After a long five day trip across Canada with many weather changes and unexpected events, Rod has finally arrived at his new home to roost:


----------



## DanielleBoland (Nov 25, 2012)

He is absolutely beautiful!! What is he??


----------



## kessy09 (Jun 16, 2013)

DanielleBoland said:


> He is absolutely beautiful!! What is he??


Thanks! He is a five month old Salmon Favorelles.


----------



## Bee (Jun 20, 2013)

Kessy, that's going to make a pretty rooster! I love his coloring.


----------



## 7chicks (Jun 29, 2012)

Wow! He's gorgeous!!! There is someone about 40 minutes from me that has some pullets of the same breed. I've been debating on. Guy is charging $40 for them. Read up on them and all the reviews said they are a very friendly, docile breed.


----------



## kessy09 (Jun 16, 2013)

Bee said:


> Kessy, that's going to make a pretty rooster!
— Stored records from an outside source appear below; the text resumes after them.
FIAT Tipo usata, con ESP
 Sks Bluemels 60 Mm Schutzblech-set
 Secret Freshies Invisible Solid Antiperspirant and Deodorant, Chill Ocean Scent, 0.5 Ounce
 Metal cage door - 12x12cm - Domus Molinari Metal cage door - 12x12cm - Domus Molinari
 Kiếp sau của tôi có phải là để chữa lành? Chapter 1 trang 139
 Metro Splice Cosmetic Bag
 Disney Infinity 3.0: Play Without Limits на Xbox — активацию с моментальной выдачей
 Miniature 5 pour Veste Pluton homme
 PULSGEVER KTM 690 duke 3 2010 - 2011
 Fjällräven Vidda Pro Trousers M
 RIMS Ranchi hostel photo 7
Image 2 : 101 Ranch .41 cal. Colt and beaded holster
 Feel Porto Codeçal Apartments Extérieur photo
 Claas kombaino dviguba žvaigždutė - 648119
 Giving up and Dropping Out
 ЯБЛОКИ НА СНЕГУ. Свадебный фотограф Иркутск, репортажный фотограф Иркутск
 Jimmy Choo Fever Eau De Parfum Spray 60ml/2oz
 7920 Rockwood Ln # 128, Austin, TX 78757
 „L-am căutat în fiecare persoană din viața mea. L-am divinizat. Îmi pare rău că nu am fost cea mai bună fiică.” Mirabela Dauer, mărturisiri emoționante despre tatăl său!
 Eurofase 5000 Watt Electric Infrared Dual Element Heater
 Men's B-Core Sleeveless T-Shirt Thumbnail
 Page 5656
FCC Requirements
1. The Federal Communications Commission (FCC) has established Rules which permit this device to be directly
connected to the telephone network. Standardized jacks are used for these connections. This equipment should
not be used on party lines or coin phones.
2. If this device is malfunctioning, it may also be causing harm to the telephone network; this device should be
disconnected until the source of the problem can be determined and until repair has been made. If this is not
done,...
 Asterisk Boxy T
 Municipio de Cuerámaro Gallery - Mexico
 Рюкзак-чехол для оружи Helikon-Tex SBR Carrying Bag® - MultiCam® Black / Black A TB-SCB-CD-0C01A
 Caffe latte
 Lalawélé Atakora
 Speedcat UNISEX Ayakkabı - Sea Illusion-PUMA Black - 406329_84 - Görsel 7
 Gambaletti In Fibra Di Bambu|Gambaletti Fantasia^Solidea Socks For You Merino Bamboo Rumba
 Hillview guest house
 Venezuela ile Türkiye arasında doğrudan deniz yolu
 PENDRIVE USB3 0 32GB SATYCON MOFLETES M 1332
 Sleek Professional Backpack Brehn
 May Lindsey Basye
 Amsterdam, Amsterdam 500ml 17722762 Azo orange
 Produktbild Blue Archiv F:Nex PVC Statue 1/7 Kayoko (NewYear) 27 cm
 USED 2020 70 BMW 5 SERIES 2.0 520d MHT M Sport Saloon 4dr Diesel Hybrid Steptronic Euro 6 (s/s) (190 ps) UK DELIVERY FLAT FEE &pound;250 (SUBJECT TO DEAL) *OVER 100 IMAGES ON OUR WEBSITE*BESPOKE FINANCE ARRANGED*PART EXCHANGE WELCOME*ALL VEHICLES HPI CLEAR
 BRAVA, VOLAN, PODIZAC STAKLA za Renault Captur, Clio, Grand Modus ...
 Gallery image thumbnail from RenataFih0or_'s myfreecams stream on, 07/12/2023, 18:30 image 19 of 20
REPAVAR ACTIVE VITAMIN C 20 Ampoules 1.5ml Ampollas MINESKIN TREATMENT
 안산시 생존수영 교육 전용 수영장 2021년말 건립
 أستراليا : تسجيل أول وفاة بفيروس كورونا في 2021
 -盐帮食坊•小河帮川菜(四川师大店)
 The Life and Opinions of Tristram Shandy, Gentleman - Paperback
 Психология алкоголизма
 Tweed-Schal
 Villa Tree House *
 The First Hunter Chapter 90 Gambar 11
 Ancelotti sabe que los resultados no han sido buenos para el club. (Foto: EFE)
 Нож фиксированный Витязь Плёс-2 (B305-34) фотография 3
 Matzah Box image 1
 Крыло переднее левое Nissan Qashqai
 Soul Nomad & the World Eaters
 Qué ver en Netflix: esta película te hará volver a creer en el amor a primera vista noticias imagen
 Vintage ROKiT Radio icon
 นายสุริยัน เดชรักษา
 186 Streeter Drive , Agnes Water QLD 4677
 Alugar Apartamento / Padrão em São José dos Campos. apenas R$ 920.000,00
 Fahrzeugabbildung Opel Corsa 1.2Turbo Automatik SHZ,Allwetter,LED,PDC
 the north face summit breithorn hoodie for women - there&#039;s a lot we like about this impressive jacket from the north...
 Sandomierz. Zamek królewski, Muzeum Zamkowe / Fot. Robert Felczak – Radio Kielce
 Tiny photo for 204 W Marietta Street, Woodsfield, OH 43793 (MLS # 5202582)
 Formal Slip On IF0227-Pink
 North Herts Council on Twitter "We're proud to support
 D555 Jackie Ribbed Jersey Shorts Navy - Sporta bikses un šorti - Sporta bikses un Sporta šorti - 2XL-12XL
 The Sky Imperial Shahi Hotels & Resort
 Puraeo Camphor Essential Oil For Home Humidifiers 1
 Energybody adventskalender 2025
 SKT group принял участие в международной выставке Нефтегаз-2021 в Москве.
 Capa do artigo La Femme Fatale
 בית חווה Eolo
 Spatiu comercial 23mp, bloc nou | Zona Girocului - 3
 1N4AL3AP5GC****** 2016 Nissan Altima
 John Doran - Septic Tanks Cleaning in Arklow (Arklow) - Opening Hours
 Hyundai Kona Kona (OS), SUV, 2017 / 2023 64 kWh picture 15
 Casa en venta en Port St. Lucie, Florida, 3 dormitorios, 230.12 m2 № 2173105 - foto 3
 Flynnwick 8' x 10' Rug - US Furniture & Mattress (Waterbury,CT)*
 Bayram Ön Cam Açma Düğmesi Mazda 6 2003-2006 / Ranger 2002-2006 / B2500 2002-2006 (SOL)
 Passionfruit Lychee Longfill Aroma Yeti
I love his coloring.


Thanks Bee. He's a sweetie. So calm. I've read they make good flock masters because they have quite a vast size and are gentle yet diligent.


----------



## kessy09 (Jun 16, 2013)

7chicks said:


> Wow! He's gorgeous!!! There is someone about 40 minutes from me that has some pullets of the same breed. I've been debating on. Guy is charging $40 for them. Read up on them and all the reviews said they are a very friendly, docile breed.


Thanks! He was soooo hard to find and cost me and arm and a leg in transport fees! He was only $40 so I think if they are good quality then it's reasonable. The nine pullets that I already have are very calm and sweet but we have a few more aggressive types in our mixed flock so those girls pretty well just keep to themselves. They are always the last to get to the feed dish and the water/treats.


----------



## kessy09 (Jun 16, 2013)

Update: Rodney is now integrated into the rooster pen. The boys are all getting along and have had no issues. There's 15 in total and so far they've kinda split into three groups : the very passive ones (that includes Rod), then there are the more assertive ones, then there is the one big Wyandotte that is all alone in his group but he's the big boss. Everyone gets outta his way and he's the first to crow and first to feed dishes. 

Question: since they are separate with the girls, when I plan to breed next year will the boys "know what to do" right off the bat or will there be a lot of weeks of establishing introductions to the hens?


----------